ICGVIP'20 Invited Talk: Overview of Multimodal Embeddings and its Application in Vision-Language Tasks and Beyond

This page provides information about the ICGVIP'20 Invited talk I will be presenting on 19th December, 2020.

Bio: Dr. Karan Sikka is an Advanced Computer Scientist at Center for Vision Technologies, SRI International in Princeton, USA. He graduated with a PhD degree in 2016 from Machine Perception Lab at UCSD and was advised by Dr. Marian Bartlett. Before joining UCSD, he completed his bachelor's in ECE at Indian Institute of Technology Guwahati in 2010. His current research is focused on solving some fundamental problems in Computer Vision and Machine Learning such as learning with multiple modalities (incl. vision and language), learning under weak supervision, few/zero-shot learning. He has successfully applied these methods to multiple problem such as facial expression recognition, action recognition, object detection, visual grounding, visual localization. The underlying theme in his research has been to improve the generalization of Computer Vision models by providing useful inductive bias either in the model design (e.g. better features or interactions), data (augmentation with knowledge or multimodality) or the loss function (e.g. weakly supervised learning) and that is also applicable across multiple domains. His work has been published at high-quality venues such as CVPR, ECCV, ICCV, PAMI etc. He has won a best paper honorable mention award at IEEE Face and Gesture 2013, and a best paper award at the Emotion Recognition in the Wild Workshop at ICMI 2013. He serves as a reviewer/program-committee for venues such as ECCV, CVPR, ICCV, ICML, NIPS, AAAI, ACCV, IJCV, IEEE TIP, IEEE TAC, IEEE TM, ICMI, AFGR and also as an AC for ACMM-19,20
At SRI he is a co-PI for several Govt. funded programs (ONR CEROSS, DARPA M3I, and AFRL Mesa) related to understanding and analyzing social media content in multiple modalities and user structures. His work has resulted in MatchStax API that allows seamless matching of content with users and content with content through unsupervised embeddings (paper and demo) He has also been working on inducting human knowledge, expressed in first-order logic, in neural networks (here). You can get a glimpse about his work in a short interview recorded at SRI. He actively collaborates with other researchers from industries as well as universities and excellent research cannot be done in isolation.

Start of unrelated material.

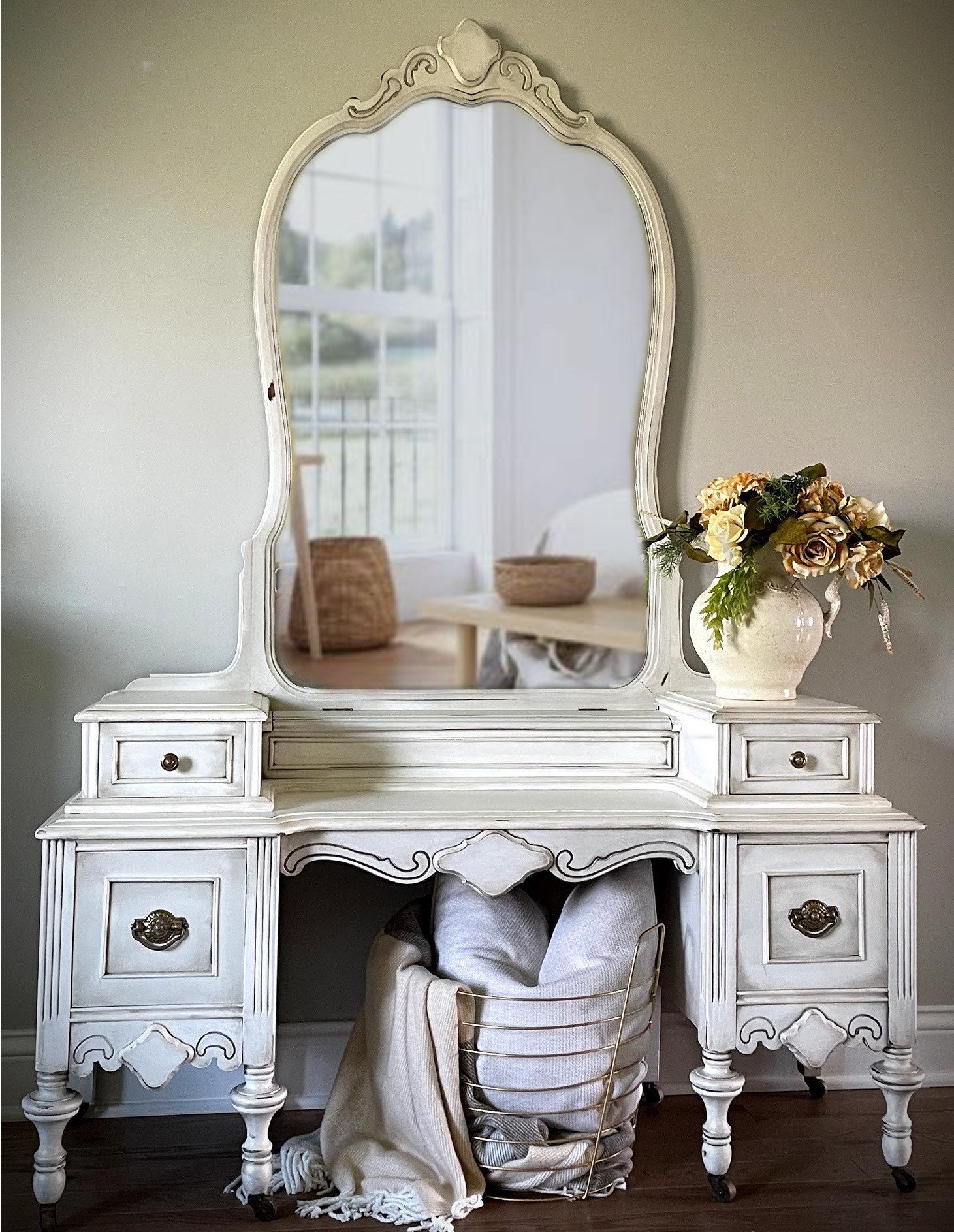 Distressed white makeup vanity discount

Abstract: We have witnessed significant progress in learning tasks involving vision and language such as Visual Question Answering and Phrase Grounding, in the last few years. This growth has been fueled by advances in deep learning in vision and language domains and availability of large scale multimodal data. In this talk I will focus on building learning models that can jointly understand and reason about multiple modalities. I will begin this talk with an introduction to multimodal embeddings, where the key idea is to align the two modalities by embedding them in a common vector space. This alignment ensures that similar entities in both modalities are closer e.g. word "cow" and images of concept "cow". I will then discuss some of our past work on using these embeddings to solve problems such as such as zero-shot recognition [1, 2] and phrase grounding [3]. I will then cover application of multimodal embeddings to tasks other than vision-language such as social media analysis [4], visual localization [5, 6], etc. I will then briefly discuss recent works on multimodal transformer [7, 8] that have shown large performance improvements in vision-language tasks by relying on the ability of transformers to learn strong correlations through multi-head attention, large capacity, large scale data and pre-training strategies. I hope this talk will provide a basic introduction to related concepts and encourage researchers to work in this field.

Please check this page for updates as I will be providing more information about the relevant topics and papers.

  1. Sikka, K., Huang, J., Silberfarb, A., Nayak, P., Rohrer, L., Sahu, P., Byrnes, J., Divakaran, A., Rohwer, R. (2020). Zero-Shot Learning with Knowledge Enhanced Visual Semantic Embeddings. [arXiv preprint]
  2. Bansal, A., Sikka, K., Sharma, G., Chellapa, R., Divakaran, A. (2018). Zero-Shot Object Detection. European Conference on Computer Vision (ECCV). [arXiv preprint] [project webpage]
  3. Datta, S., Sikka, K., Roy, A., Ahuja, K., Parikh, D., Divakaran, A. (2019). Align2Ground: Weakly Supervised Phrase Grounding Guided by Image-Caption Alignment. International Conference on Computer Vision (ICCV). [arXiv preprint]
  4. Sikka, K., Bramer L., Divakaran, A. (2019). Deep Unified Multimodal Embeddings for Understanding both Content and Users in Social Media Networks. arXiv. [arXiv preprint]
  5. Seymour, Z., Sikka, K., Chiu, H., Samarasekera, S., Kumar, T. (2019). Semantically-Aware Attentive Neural Embeddings for Image-based Visual Localization. British Machine Vision Conference. (BMVC). [arXiv preprint]
  6. Mithun, N., Sikka, K., Chiu, H., Samarasekera, S., Kumar, R. (2020). RGB2LIDAR: Towards Solving Large-Scale Cross-Modal Visual Localizations (ACMM). (Best Paper Candidate) [Paper] [Slides]
  7. Tan, H. and Bansal, M., 2019. Lxmert: Learning cross-modality encoder representations from transformers. arXiv preprint arXiv:1908.07490.
  8. Su, W., Zhu, X., Cao, Y., Li, B., Lu, L., Wei, F. and Dai, J., 2019. Vl-bert: Pre-training of generic visual-linguistic representations. arXiv preprint arXiv:1908.08530.